# New Laptop Hard disk and a portable external hard disk needed . suggestion please



## Skyh3ck (Jun 17, 2014)

Hi friends

as i posted in my other post that my laptop hdd died and now i need to replace it

My laptop is Lenovo B490 with Intel PDC processor and 2 GB DDR3 Ram

It has Toshiba 7200 rpm 500 gb hdd which died and i want to replace it,

Please guys give me suggestion on which company brand should i opt for Western Digital, Hitachi, Seagate, etc.
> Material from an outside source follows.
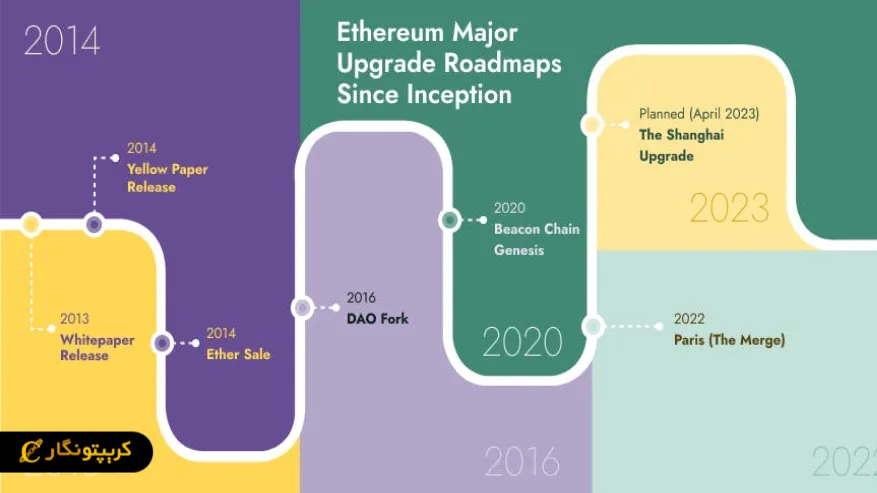 بلاکچین اتریوم چیست؟ راهنمای جامع Ethereum و ارز دیجیتال اتر روند بلاکچین اتریوم در سالهای مختلف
can i buy any 2.5 inch hdd from market and put it on my laptop, or is there anything else to take care of ?

Please help very urgent


----------



## whitestar_999 (Jun 17, 2014)

you can use any 2.5" hdd & choose WD for their best after sales support among all hdd manufacturers in India.


----------



## $hadow (Jun 18, 2014)

+1 to WD.


----------



## Skyh3ck (Jun 29, 2014)

but do i have to buy with the right part number as of my laptop, or any will do.

i need more years of warranty , i will be installing 

Windows 7, ubuntu, limnux mint or possible then mac os x in multiboot

How much a 1 TB and a 500 GB will cost,


----------



## Skyh3ck (Jul 1, 2014)

hey firends please reply


----------